樟木木屑真空热解工艺的响应面法优化及生物油组分分析

樊永胜1, 蔡忆昔1, 李小华1, 俞宁1, 张蓉仙2, 尹海云1   

  1. 1. 江苏大学 汽车与交通工程学院, 江苏 镇江 212013;
    2. 江苏大学 化学化工学院, 江苏 镇江 212013
  • 收稿日期:2013-10-08 出版日期:2014-12-25 发布日期:2015-08-18
  • 通讯作者: 蔡忆昔,教授,博士,博士生导师,主要从事动力机械工作过程及排放控制;E-mail:qc001@ujs.edu.cn. E-mail:qc001@ujs.edu.cn
  • 作者简介:樊永胜(1988-),男,江苏大丰人,博士生,主要从事动力机械新能源开发与利用;E-mail:yongsheng_fan@163.com
  • 基金资助:
    国家自然科学基金资助项目(51276085);江苏省自然科学基金资助项目(BK2011488);江苏省高校优势学科建设项目(苏政办发[2011] 6号)

Vacuum Pyrolysis of Camphorwood Sawdust Optimized by Response Surface Methodology and Bio-oil Composition Analysis

FAN Yong-sheng1, CAI Yi-xi1, LI Xiao-hua1, YU Ning1, ZHANG Rong-xian2, YIN Hai-yun1   

  1. 1. School of Automotive and Traffic Engineering, Jiangsu University Zhenjiang, 212013, China;
    2. School of Chemistry and Chemical Engineering, Jiangsu University Zhenjiang, 212013, China
  • Received:2013-10-08 Online:2014-12-25 Published:2015-08-18

摘要: 以樟木木屑为原料,采用真空热解系统进行了制取生物油的中心组合实验研究,以生物油产率为实验指标,利用响应面法(RSM)对热解液化工艺参数进行了优化,并对在最高产率条件下制取的生物油进行了理化特性、傅立叶变换红外光谱(FT-IR)和气质联用(GC-MS)分析.研究结果表明,热解终温、体系压力和升温速率对生物油产率的影响显著,但3者之间的交互作用并不显著.最佳热解工艺条件为:热解终温474.0 ℃、体系压力7.5 kPa、升温速率20.0 ℃/min,在此条件下,生物油产率可达50.25%.与预测值(50.41%)较为接近.樟木木屑真空热解所得生物油的含水量较低(21.35%),热值较高(26.82 MJ/kg),常温下的运动黏度为3.85 mm2/s,密度1.08 g/cm3、pH值3.24和残炭量5.54%;生物油成分较为复杂,其中多种有机物可被进一步提取用作工业原料;生物油中羧酸(8.45%)、醛(26.17%)、酮(14.24%)类等腐蚀性和不稳定组分含量较高,需对其进一步精制,以优化真空热解生物油品质,提高其稳定性.

关键词: 樟木, 真空热解, 响应面法, 生物油, 组分分析

Abstract: Camphorwood sawdust from industrial processing was treated by vacuum pyrolysis for bio-oil preparation.
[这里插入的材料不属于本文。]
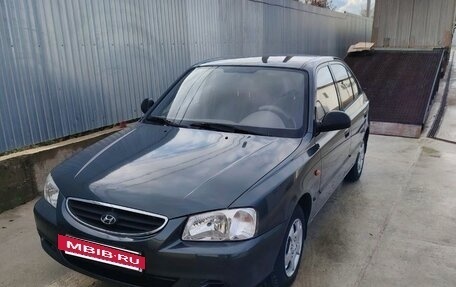 Hyundai Accent II, 2011 год, 670 000 рублей, 5 фотография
The response surface methodology (RSM) was employed to optimize the process for maximum yield of bio-oil. All factors that affected bio-oil yield, including pyrolysis temperature, reaction pressure and heating rate, were investigated. Furthermore, the physicochemical properties of the bio-oil obtained from vacuum pyrolysis at the optimal conditions were evaluated. The chemical composition was also examined using Fourier transform infrared (FT-IR) and gas chromatograph/mass spectroscopy (GC-MS). The results showed that these three factors had obvious effects on bio-oil yield. However, the interaction between them was not remarkable. The optimal conditions for bio-oil yield were pyrolysis temperature 474.0 ℃, reaction pressure 7.5 kPa and heating rate 20.0 ℃/min. At this condition, the bio-oil yield could reach 50.25% close to 50.41%—the predicted value. Water content and high heat value of bio-oil was 21.35% and 26.82 MJ/kg, and its dynamic viscosity at room temperature, density, pH value and carbon residue content were 3.85 mm2/s, 1.08 g/cm3, 3.24 and 5.54%, respectively. Bio-oil from camphorwood sawdust was a complex mixture, which involve aromatics (26.30%), alcohols (12.14%), carboxylic acids (8.45%), aldehydes (26.17%), ketones (14.24%) and esters (1.18%). It also contained some specific organic compounds, which could be further extracted for industrial raw materials. Further study on enhancing the properties of bio-oil should be performed to ensure economic feasibility in future.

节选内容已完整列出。